Clearly, the arts center's finances are overdue another in-depth look. We don't see a solid business plan that accounts for knowable, long-term costs. How else to explain the long list of needed repairs and outstanding debt that total $5 million?

Center officials say they are trying to raise that money by tapping current and future pledges, and they hope to launch a public fundraising campaign.

But that also has a familiar ring to it. Building an endowment to help cover funding shortfalls has long been a goal for the arts center.

Councilman George Williams put it well at the Oct. 31 council meeting: "It's hard for me to understand why an organization like yours with talented people on the board would get to the point where you have a $5 million nut that's almost impossible to fix. I don't know how we got this far for this long. That's my frustration. ... There needs to be a major shift in the thinking of all of our arts organizations and how we allocate tax money to make this enterprise successful."

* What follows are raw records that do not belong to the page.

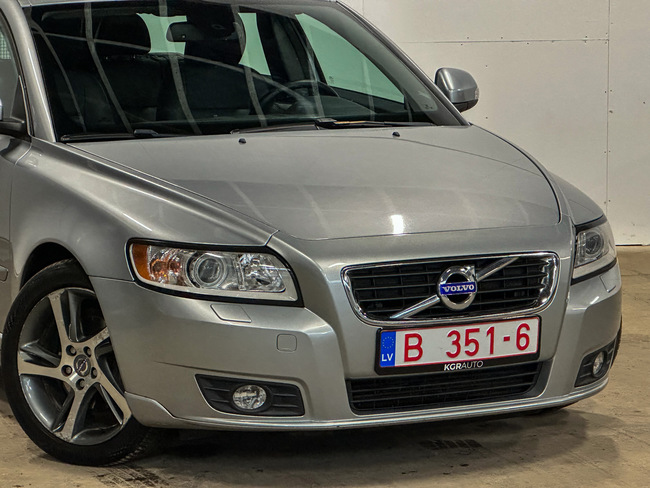 Volvo V50, 2011, 1.6 dīzelis, manuāla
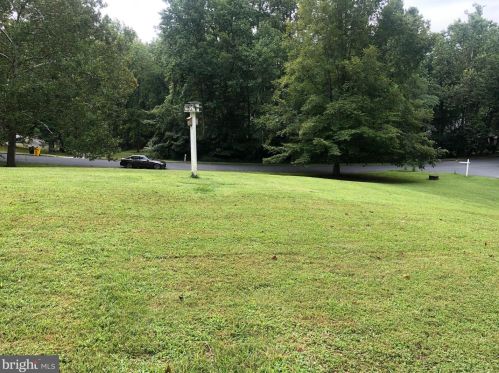 2890 Spg Lk Dr, Davidsonville MD 21035-1230 exterior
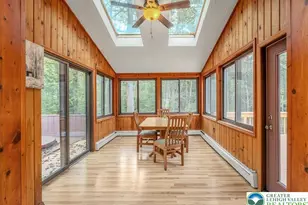 234 Viceroy Cir, Coolbaugh Twp, PA 18466 - Photo 8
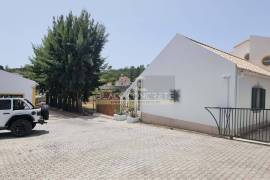 Spacious 4-Bedroom Villa with Large Plot in Sesimbra | Tranquil Location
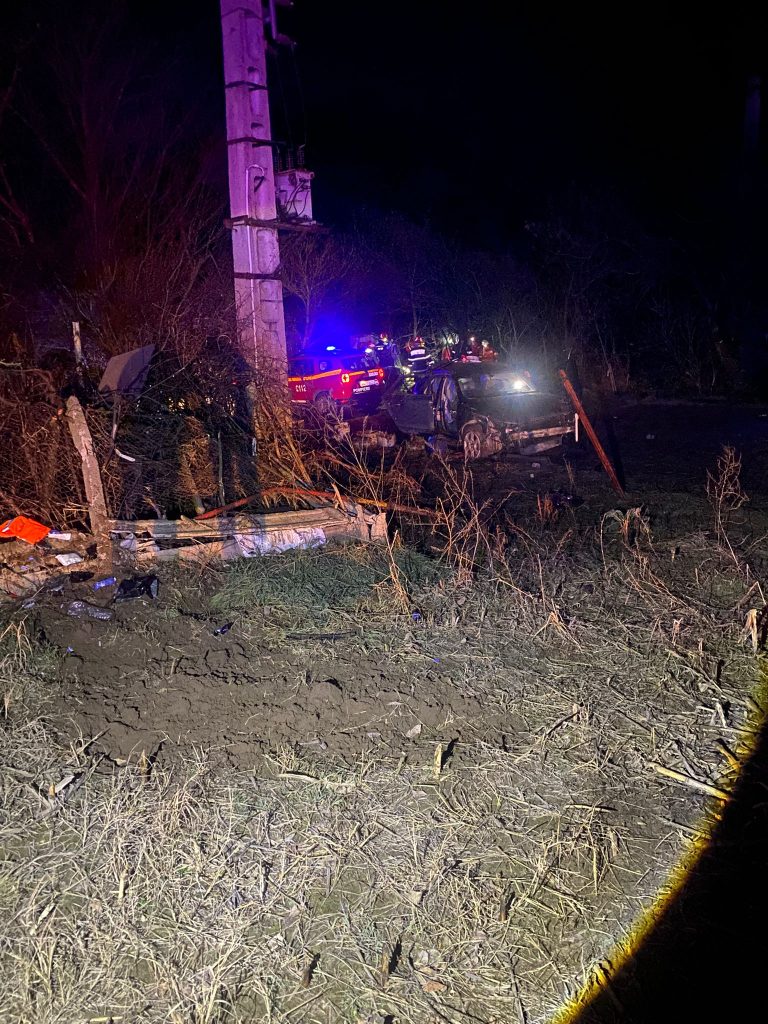 ULTIMA ORĂ/FOTO: Accident mortal în județul Sibiu. Un tânăr de 28 de ani și-a pierdut viața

To that end, arts center officials have agreed to work with the town to find savings to help with the current and future budgets.

But more than that must be done. The town is talking about hiring consultants to study existing arts programs and venues and consider creative ways to support them. An objective, knowledgeable look at the arts center's finances, as well as the finances of other major arts players, would be welcome.

Certainly, something must change. The town has limited resources unless it wants to raise property taxes for this purpose.

"It's been very unsatisfying on an annual basis to divvy out an inadequate amount of funding for the arts in a piecemeal fashion that meets nobody's needs," Mayor Drew Laughlin said at the Oct. 31 meeting. "We have a patient on life support, and that life support is no longer adequate. We need to make sure the limited resources we have are used as efficiently and effectively as possible."

That starts with being realistic about what the town can afford and what the community at large wants.